Observation of Time-Dependent Internal Charge Amplification in a Planar Germanium Detector at Cryogenic Temperature

TL;DR

This study reports the first observation of time-dependent internal charge amplification in a cryogenic planar germanium detector, revealing impact ionization effects influenced by impurity levels and electric fields, with implications for dark matter detection.

Contribution

It demonstrates the occurrence of impact ionization-induced charge amplification in germanium detectors at cryogenic temperatures, highlighting the role of impurity levels and electric fields in this phenomenon.

Findings

Charge amplification occurs temporarily after bias application.

Amplification depends on applied bias voltage and impurity levels.

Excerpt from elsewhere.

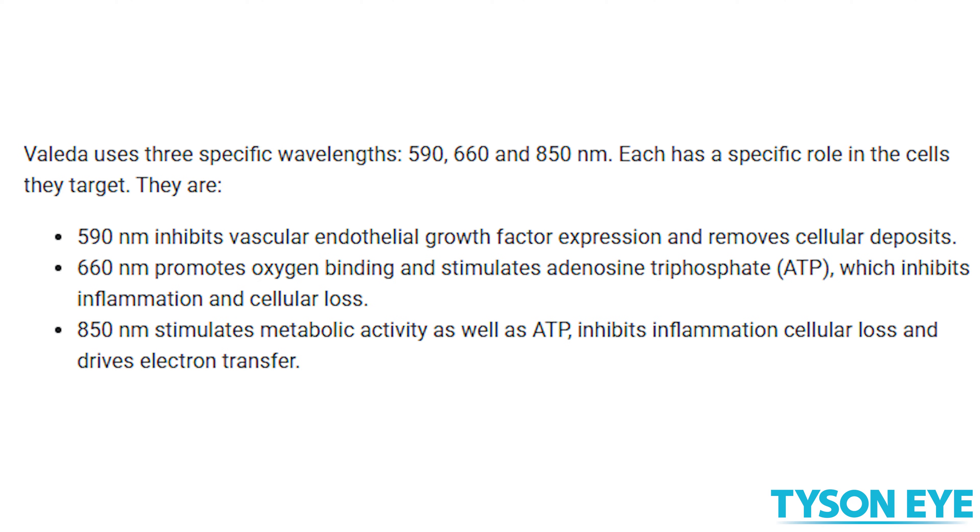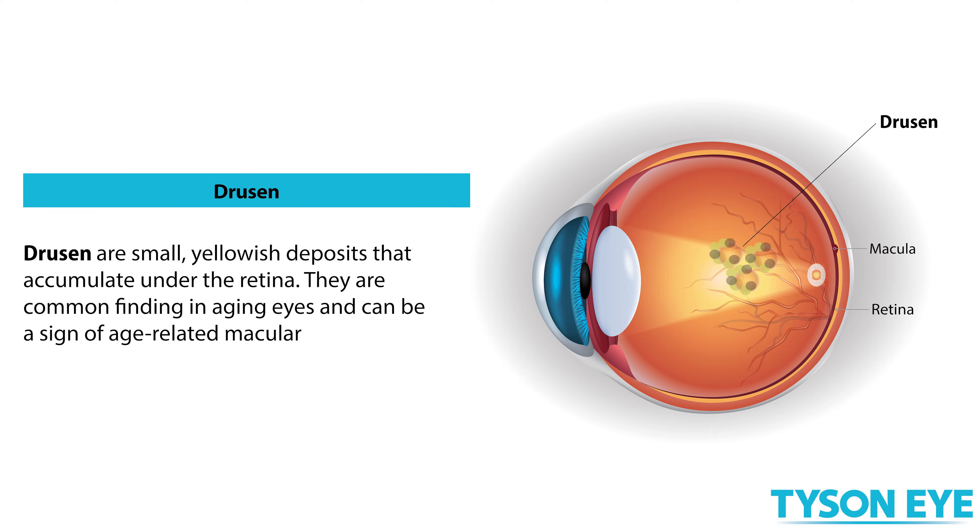Stimulating the mitochondria helps to decrease inflammation and also helps to decrease the amount of drusen the patients have. Drusen are the waste products that accumulate in the back of the retina.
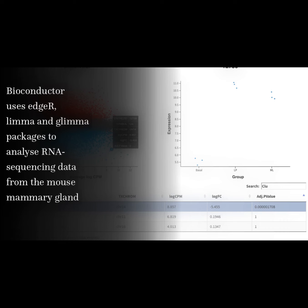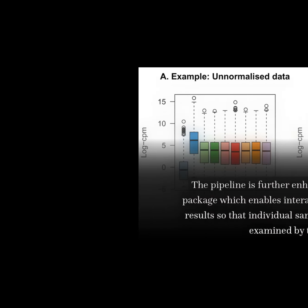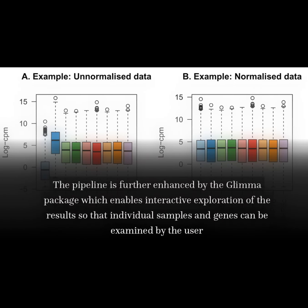Bioconductor uses EDGEAR, LIMA, and GLIMA packages to analyze RNA sequencing data from the mouse mammary gland. The pipeline is further enhanced by the GLIMA package, which enables interactive exploration of the results so that individual samples and genes can be examined by the user.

Potential for ultra-low energy detection in dark matter searches.

Abstract

For the first time, time-dependent internal charge amplification through impact ionization has been observed in a planar germanium (Ge) detector operated at cryogenic temperature. In a time period of 30 and 45 minutes after applying a bias voltage, the charge energy corresponding to a baseline of the 59.54 keV $\gamma$ rays from a $^{241}$Am source is amplified for a short period of time and then decreases back to the baseline. The amplification of charge energy depends strongly on the applied positive bias voltage with drifting holes across the detector. No such phenomenon is visible with drifting electrons across the detector. We find that the observed charge amplification is dictated by the impact ionization of charged states, which has a strong correlation with impurity level and applied electric field. We analyze the dominant physics mechanisms that are responsible for the creation and the impact ionization of charged states. Our analysis suggests that the appropriate level of impurity in a Ge detector can enhance charge yield through the impact ionization of charged states to achieve extremely low-energy detection threshold ($<$ 10 meV) for MeV-scale dark matter searches if the charge amplification can be stabilized.